According to the report, If Congress fails to act by the end of 2025 to preserve tax reform, nearly 6 million American jobs will be lost.
Manufacturers are calling on Congress to preserve tax reform in its entirety. Millions of American jobs, billions of dollars in employee compensation and over $1 trillion in U.S. GDP are on the line. Congress must support America’s manufacturers by restoring a pro-manufacturing tax code.
If Congress does not act, manufacturers will face:
Higher taxes on pass-through businesses and family-owned firms;
Increased costs for R&D, capital equipment purchases and business loans; and
An uncompetitive international tax regime that disincentivizes investment in the U.S. and hampers manufacturers’ ability to compete on the world stage.
The new study indicates that:
PROTECT SMALL BUSINESSES
— Pass-Through Deduction
Tax reform created a new deduction that allows pass-through manufacturers to deduct up to 20% of their business income, freeing up capital to reinvest in their employees and their growth.
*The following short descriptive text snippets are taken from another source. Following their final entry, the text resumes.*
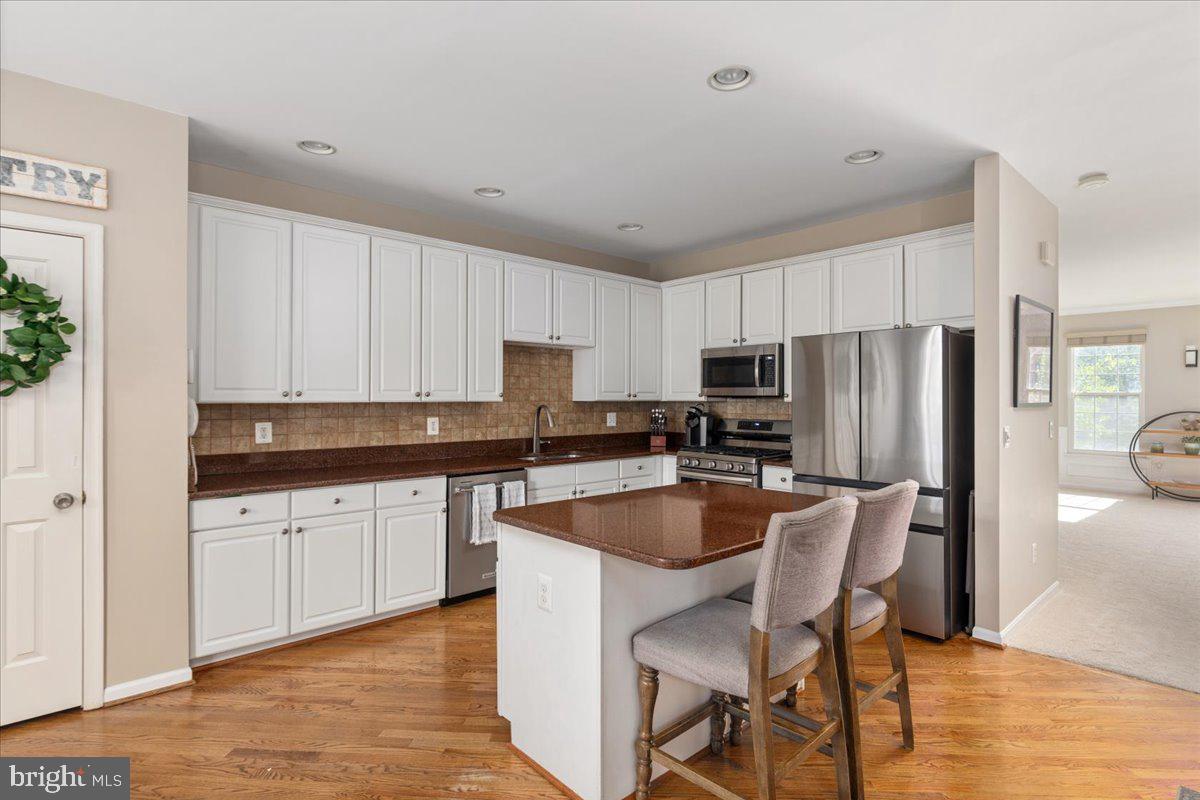GREAT FALLS CHASE - Residential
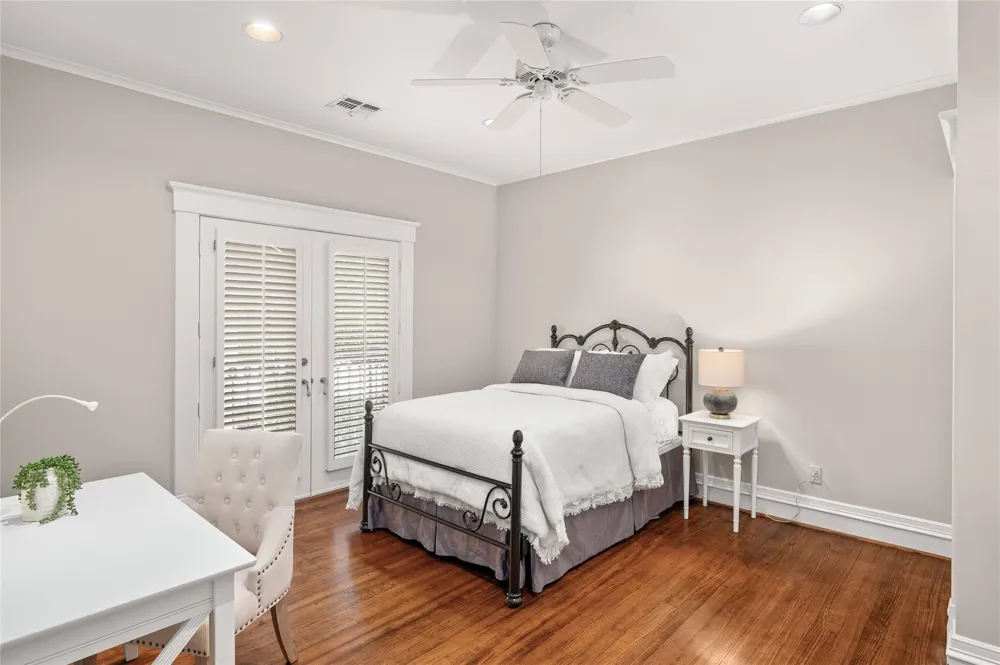 816 Kipling Street Houston, TX 77006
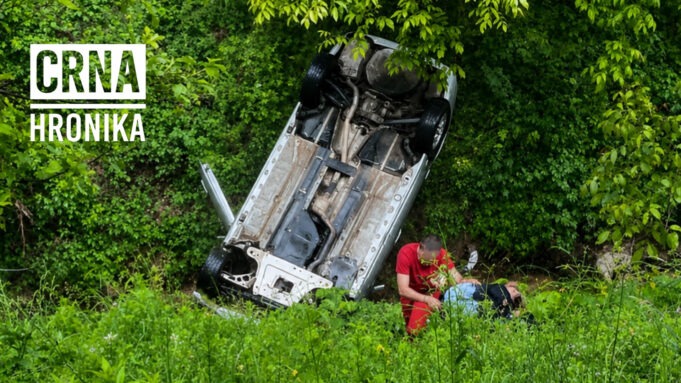 Teška nesreća kod Konjica: Automobil završio na krovu pored magistrale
The pass-through deduction is scheduled to expire, increasing taxes on small businesses throughout the manufacturing industry.
— Individual Tax Rates
Pass-through manufacturers pay taxes at the individual income tax rates, which are scheduled to increase significantly to pre-tax reform levels.
— Estate Tax
Tax reform excluded more of family-owned businesses’ assets from the estate tax, easing their tax burden when an owner passes away. The increased exemption threshold is scheduled to expire, which could force these businesses to take on debt or sell machinery to pay the tax.
— Full Expensing
Full expensing, also known as 100% accelerated depreciation, allows manufacturers to deduct the full cost of capital investments in the year of purchase. Full expensing began phasing out in 2023, resulting in damaging cost increases for equipment and machinery purchases.
— Interest Deductibility
Manufacturers use business loans to finance job-creating projects and capital investments. To encourage these investments, manufacturers can deduct their interest payments on these loans, up to a cap. The interest deductibility cap became more restrictive in 2022, making it harder for manufacturers to grow and expand.
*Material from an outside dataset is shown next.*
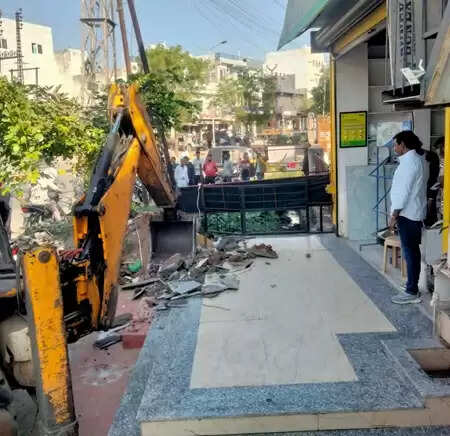 Municipal team conducting anti-encroachment action from Delhi Gate to Rampura Circle, Udaipur
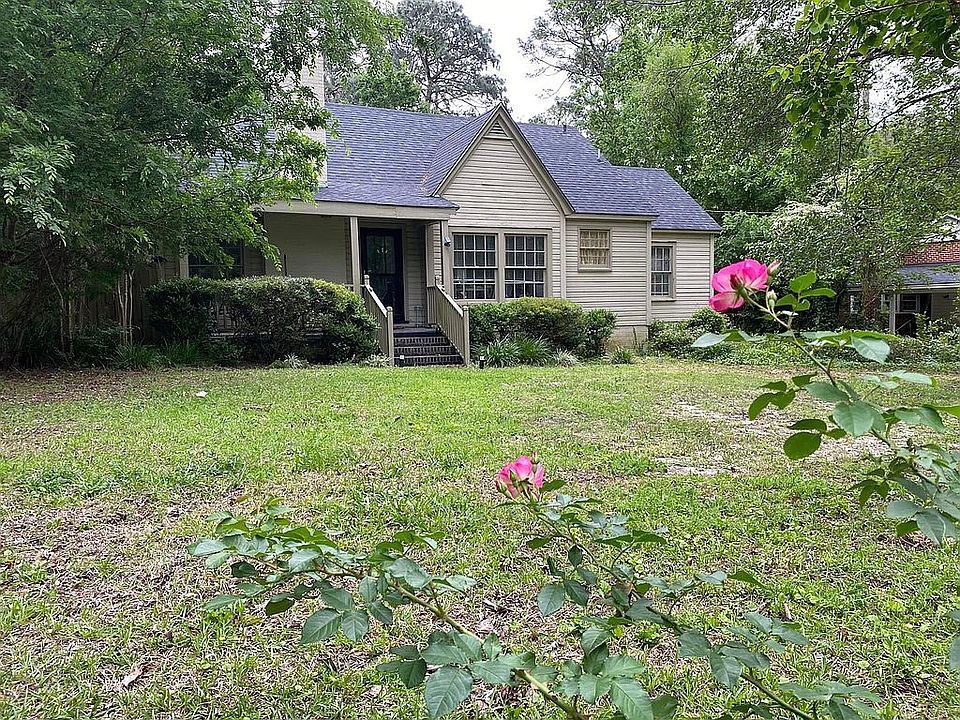 1st image of 1007 Davis Ave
ENHANCE AMERICAN COMPETITIVENESS
— Corporate Tax Rate
Tax reform lowered the U.S. corporate tax rate from 35%—the highest in the OECD and the third highest in the entire world—to 21%. Maintaining or further reducing the corporate rate is crucial to bolstering America’s manufacturing leadership and competitiveness on the world stage.
FDII
— Tax reform's deduction for Foreign-Derived intangible income incentivizes companies to locate intellectual property in the U.S. The scheduled decrease in the FDII will penalize manufacturers that prioritize developing IP in the U.S. and exporting products abroad.
— GILTI
The Global Intangible Low Tax Income regime subjects companies’ worldwide income to U.S. tax if their worldwide tax obligations fall below a certain minimum percentage threshold. The scheduled increase in the minimum GILTI rate will undermine America’s competitiveness by making it more costly and difficult for companies to operate here in the U.S.
— BEAT
The Base Erosion and Anti-Abuse Tax is scheduled to increase, subjecting many ordinary-course transactions, like interest and royalty payments, to additional taxation, increasing the costs of doing business for manufacturers operating around the world.
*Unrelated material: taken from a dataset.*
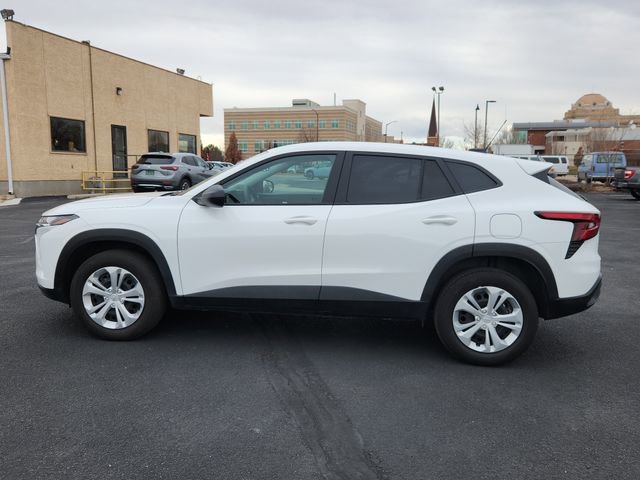 Used 2025 Chevrolet Trax LS FWD image 6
SUPPORT INNOVATION AND INVESTMENT
— Immediate R&D Expensing
For nearly 70 years, manufacturers in the U.S. could fully deduct their R&D expenses in the year incurred. But manufacturers are now required to spread their R&D deductions over several years, making R&D investments significantly more expensive.
By preventing pro-growth tax policies from expiring in 2025, Congress will preserve a competitive tax system that spurs job growth across our communities, secures the U.S. as a global leader in innovation and reinforces America’s competitiveness on the world stage.